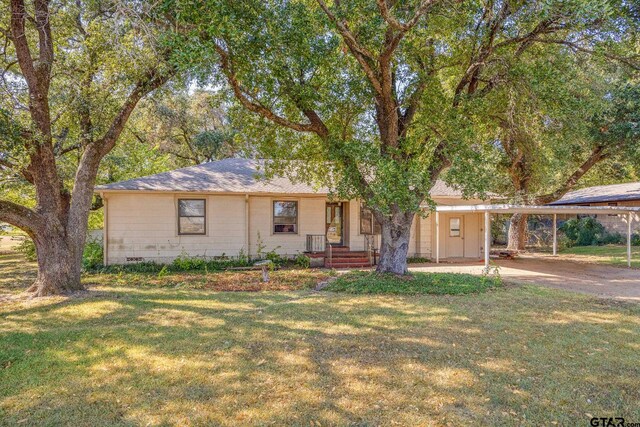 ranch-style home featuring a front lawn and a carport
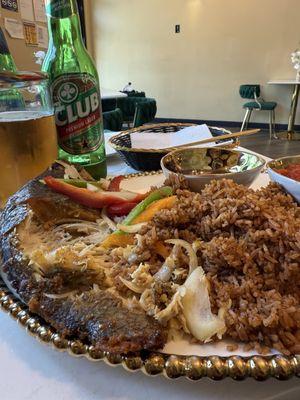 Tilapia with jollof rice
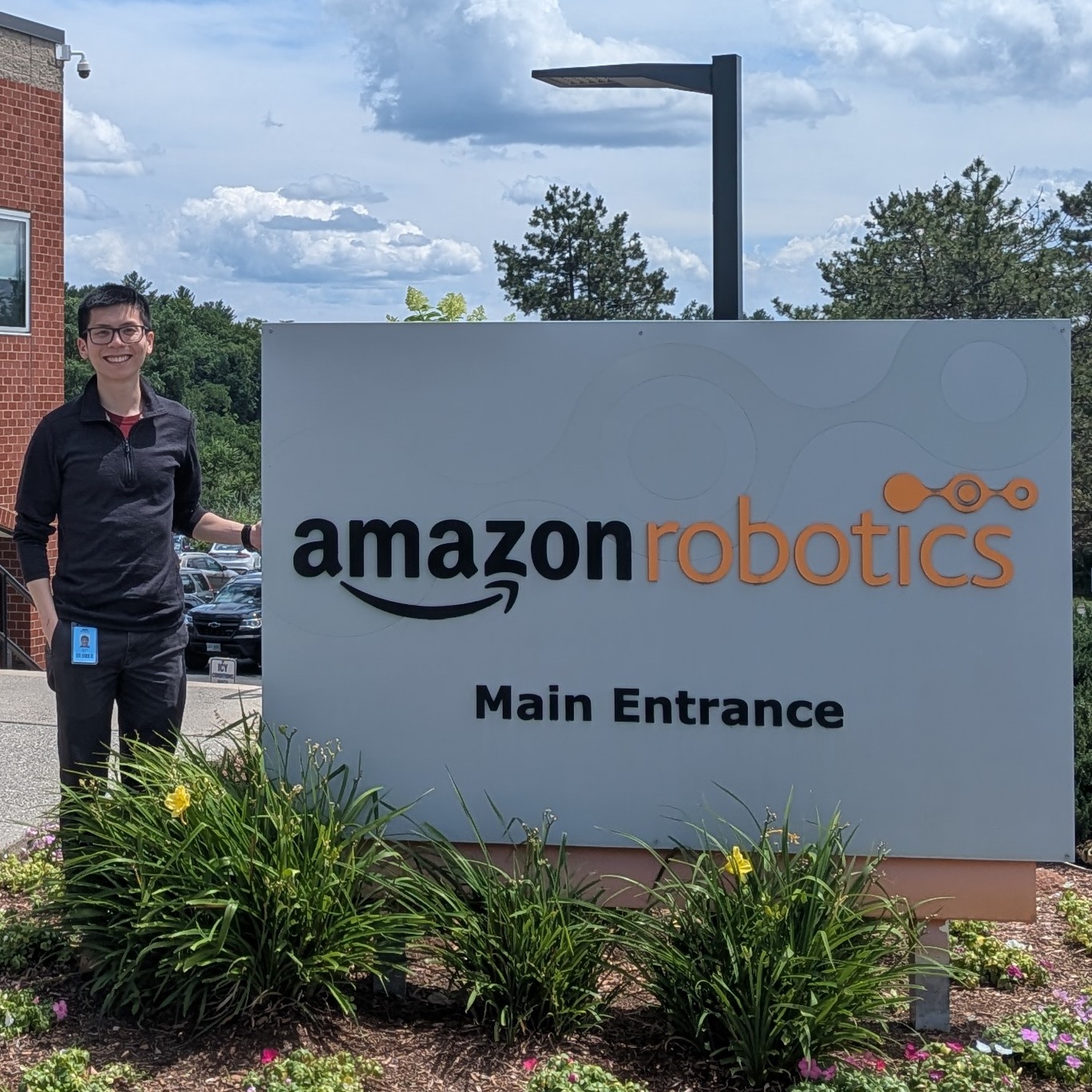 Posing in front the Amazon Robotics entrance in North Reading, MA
==
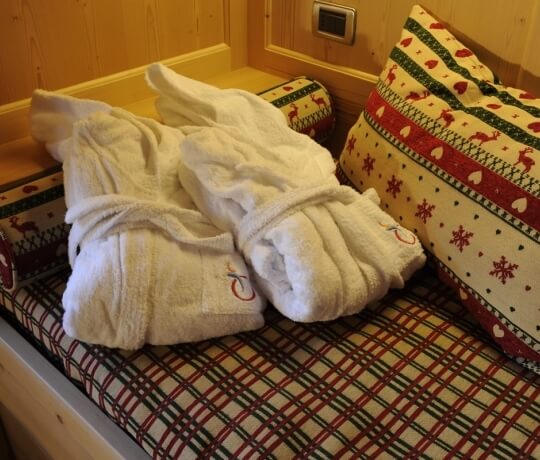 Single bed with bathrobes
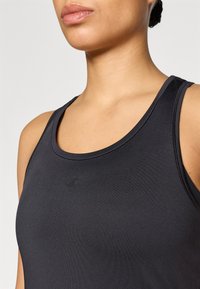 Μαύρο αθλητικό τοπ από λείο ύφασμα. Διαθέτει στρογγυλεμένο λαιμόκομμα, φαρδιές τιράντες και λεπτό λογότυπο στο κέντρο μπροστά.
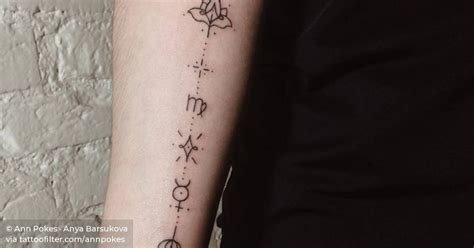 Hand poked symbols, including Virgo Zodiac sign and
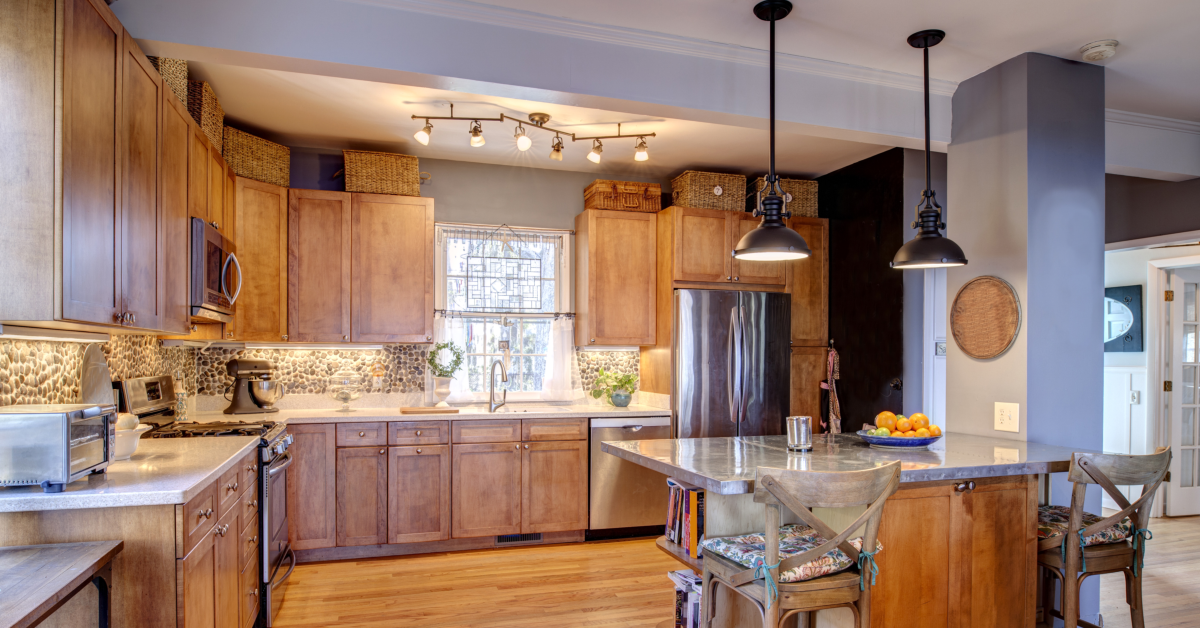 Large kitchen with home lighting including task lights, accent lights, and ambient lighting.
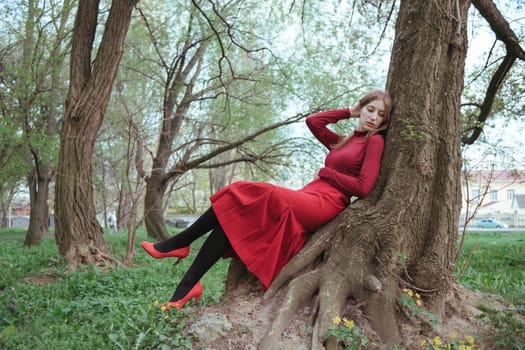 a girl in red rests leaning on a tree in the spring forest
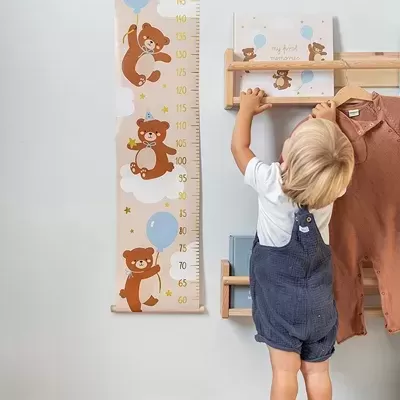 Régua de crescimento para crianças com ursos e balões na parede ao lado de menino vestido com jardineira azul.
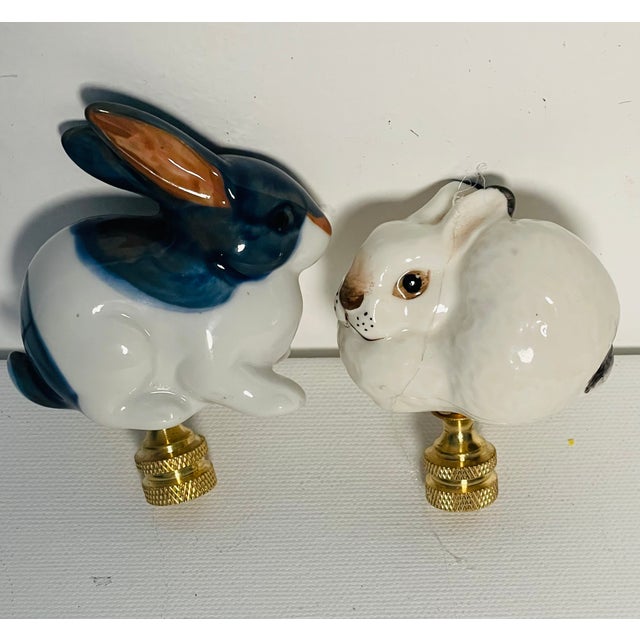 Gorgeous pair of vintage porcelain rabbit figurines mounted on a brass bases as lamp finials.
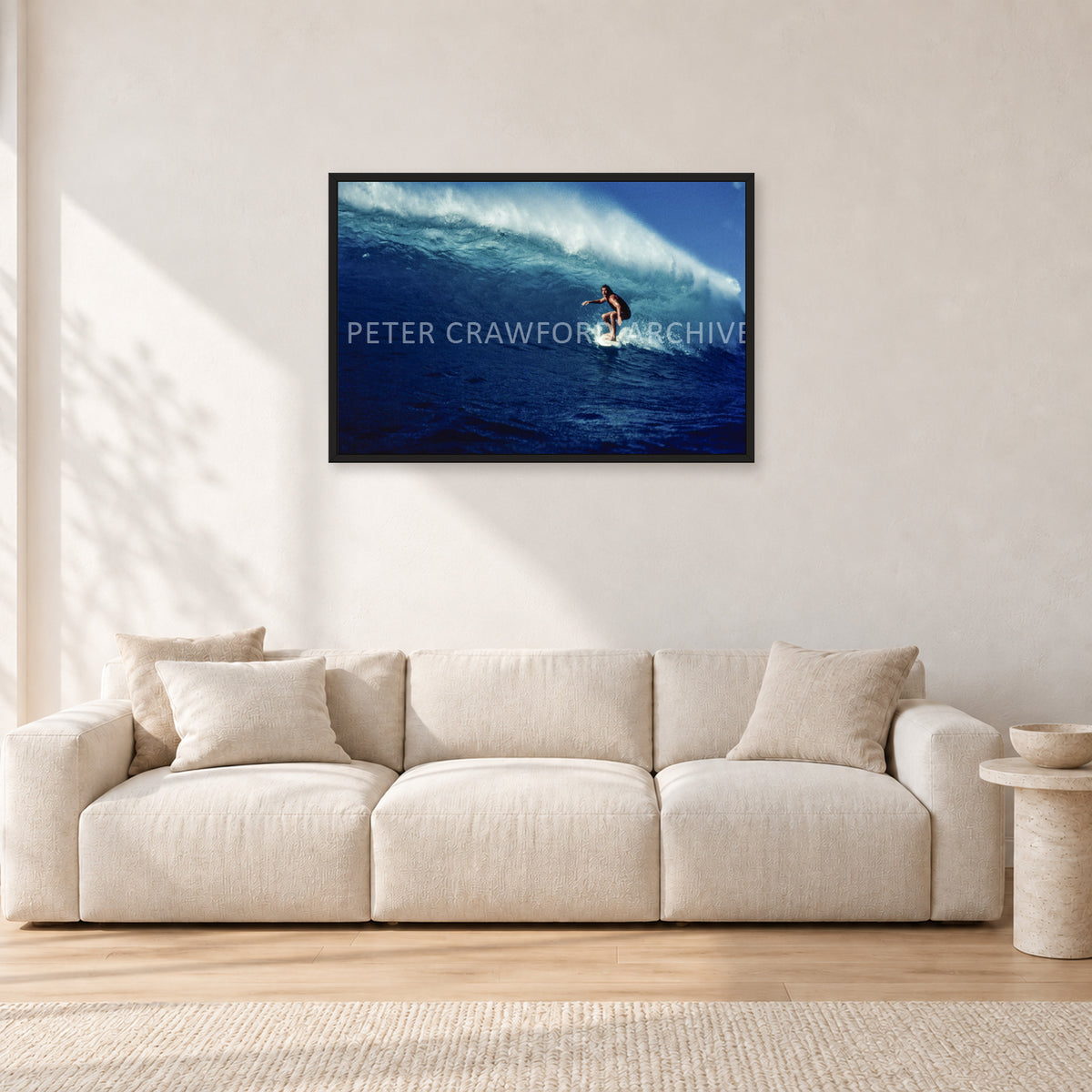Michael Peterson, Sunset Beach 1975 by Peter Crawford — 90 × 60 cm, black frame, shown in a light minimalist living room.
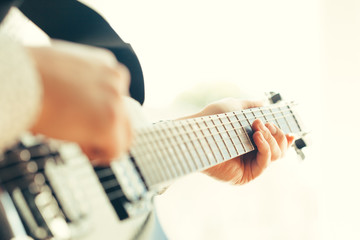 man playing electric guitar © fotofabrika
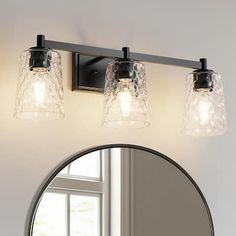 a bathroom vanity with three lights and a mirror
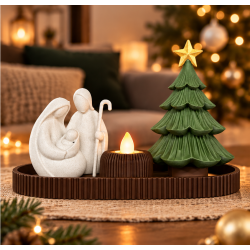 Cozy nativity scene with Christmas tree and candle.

## EXERCISE
Look above for the line with "Gorgeous pair of" and the line with "Michael Peterson, Sunset". Output those two and everything between them exactly, pictures excluded.

## RESULT FOR THIS EXERCISE
 Gorgeous pair of vintage porcelain rabbit figurines mounted on a brass bases as lamp finials.
Michael Peterson, Sunset Beach 1975 by Peter Crawford — 90 × 60 cm, black frame, shown in a light minimalist living room.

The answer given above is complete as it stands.